La compulsiva necesidad de encontrar la prueba de la infidelidad, empuja a hombres y mujeres a exigir que sus parejas les permitan acceder a sus dispositivos electrónicos a fin de observar archivos y recorrer sus redes o buscan el momento encubierto de franquear las seguridades y hacerlo de la manera más despreciable sea por mano propia o contratando espías tecnológicos.

Casi siempre la persona celosa que entra en los dispositivos de su pareja, se da el tiro en el pie, porque a lo mejor fotos, textos, datos realmente inocentes, por desconocimiento del antecedente o del contexto, los interpretará como la prueba de su sospecha y le llevarán a decisiones inesperadas. Habrá casos, obviamente de evidencia irrefutable, pero que pudieron tener otro desenlace si no hubieran sido por el espionaje reveladas.  

Si se está caminando con inseguridad en la relación. ¿Será más saludable examinar el emparejamiento que se tiene mirando desde la perspectiva de los propios sentimientos y no de los compromisos normativos? ¿Será mejor atreverse a elaborar la prospectiva de permanecer al lado de alguien o dejar entrar a tu vida a otra persona? ¿Se conoce los beneficios materiales y espirituales de estar con alguien?

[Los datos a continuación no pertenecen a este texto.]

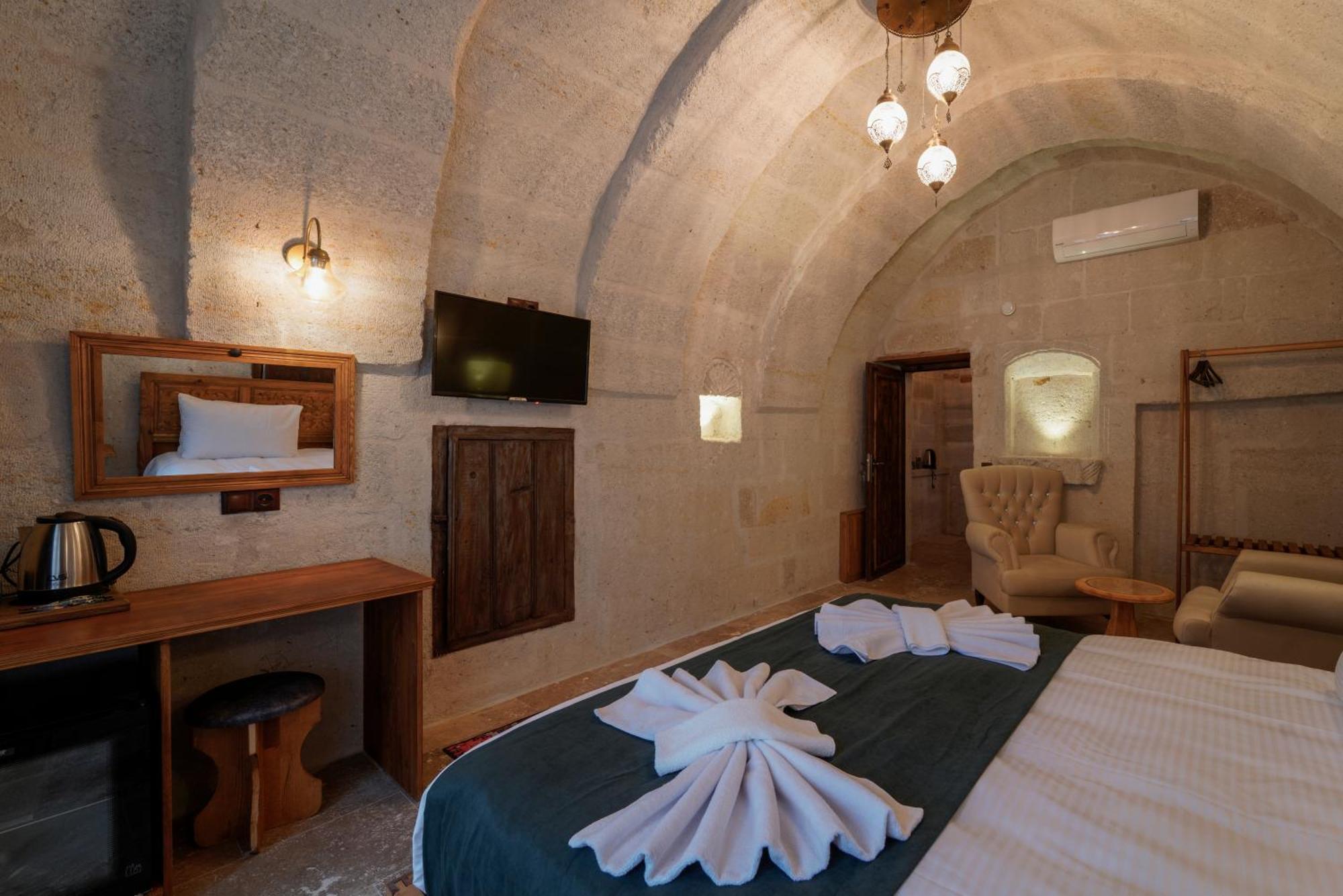 Goereme Escape Cave Suites ภายนอก รูปภาพ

Pensar que muchas de las asperezas que irritan a una pareja, podrían ser soslayadas y enterradas en el terreno de lo intrascendente, pero por la arrogancia de los celos se asigna el carácter de herida a lo que pudo quedar en rasguño, imposibilitando que se pueda seguir juntos. “…lo que no se nombra casi no existe…” nos dice Isabel Allende; en relación a lo necesario que puede ser en la pareja asumir libremente un silencio empático y por tanto sanador si algo vio o escuchó, pero sí de búsquedas inquisidoras se trata, en vez de recibirnos de detectives neuróticos, por qué no mejor atender a la sabiduría popular que dice “ojos que no ven, corazón que no siente”.   Quizá examinar el balance contable de lo que se da y lo que se recibe sea hacer las paces con el pensamiento.